PyPI DOI HF Open in Colab

This repo contains a small graph-neural-network sampler for fine regular triangulations (FRTs) of convex 2D lattice polygons.

These FRTs are useful in string theory. More generally, they are a combinatorial population to sample from with nontrivial local and global constraints. At the time of writing this, the 'dualGNN' model in this repo is the most uniform sampler tested for polygons up to $\sim10^{20}$ triangulations.

Model

The idea is to represent a triangulation $\mathcal{T}_i$ by its dual graph: nodes are simplices $\sigma_a\in\mathcal{T}_i$ and edges are drawn between adjacent simplices. By combining into $G$ the dual graphs of all fine triangulations (if the same simplex $\sigma_a$ is in another triangulation $\mathcal{T}_j$, merge the nodes), one can view the problem as selecting an appropriate subgraph from $G$. We do so autoregressively, adding simplices 1-by-1 to the subgraph through

  1. having the model assign probabilities to the nodes (via message passing),
  2. sampling a node according to these probabilities, and then
  3. masking out nodes which cannot coexist with the newly chosen simplex.

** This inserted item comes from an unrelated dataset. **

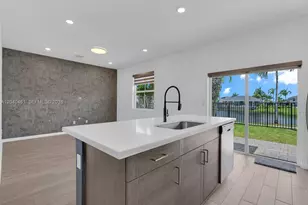805 SE 18th St, Homestead, FL 33034 - Photo 3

To give the model enough information to do this, we encode the polytope's 'oriented matroid' via certain vectors corresponding to 'signed circuits' (see page 17 here or this wonderful book). The matroid characterizes the count of fine triangulations while our specific vectors (slightly richer than actual circuits) characterize the regularity of these triangulations (DRS). More so, circuits are invariant under the $\mathrm{GL}(d,\mathbb{Z})\ltimes\mathbb{Z}^d$ symmetries of the polytope (we weaken to $\mathrm{SL}(d,\mathbb{Z})\ltimes\mathbb{Z}^d$ - see paper), giving the model strong inductive bias. This information is specifically encoded on the edges of $G$ and is concatenated with the messages passed through said edges.

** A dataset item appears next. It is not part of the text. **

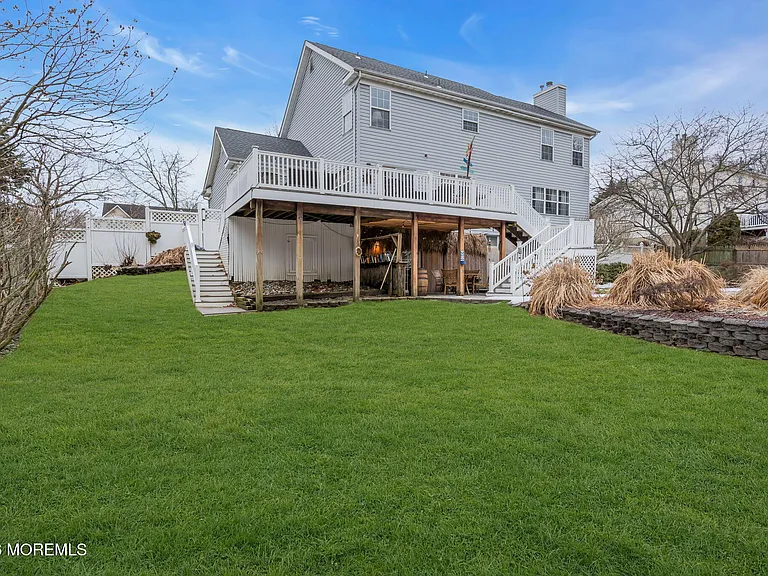 107 Shenandoah Blvd — Photo 54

This model is trained via supervised learning on a pool of fine regular triangulations. We allow bootstrapping of the pool (similar to CYTransformer) since the polygons of primary interest have too many triangulations to enumerate (otherwise, enumerating them and sampling from them would be preferable). We also fine-tune with REINFORCE.

Performance

The model

  1. is the most uniform sampler of FRTs tested (there are a few methods due to their application in string theory; we include some custom methods, too),
  2. is general (a single model can be trained that samples FRTs from arbitrary polygons),
  3. is small (~92k parameters; trained in ~7.5hrs; checkpoint attached to this repo),
  4. shows good inductive bias (generalizes zero shot), and
  5. is competitive in speed compared to the other tested samplers.

Most of the performance is attributed to the inductive bias. See the paper.

The major limitations are that this model was trained with $K=16$ message passing rounds - if the polygon of interest has $\mathrm{diam}(G)\gtrsim K$ then performance is expected to degrade. Additionally, while dualGNN enhances the sampling of regular triangulations generally, it does not only sample regular triangulations (irregulars sneak in). Neither issue inhibits use in practice - most polygons of interest have much smaller diameters and regularity is typically so prevalent that filtering on it is a good strategy.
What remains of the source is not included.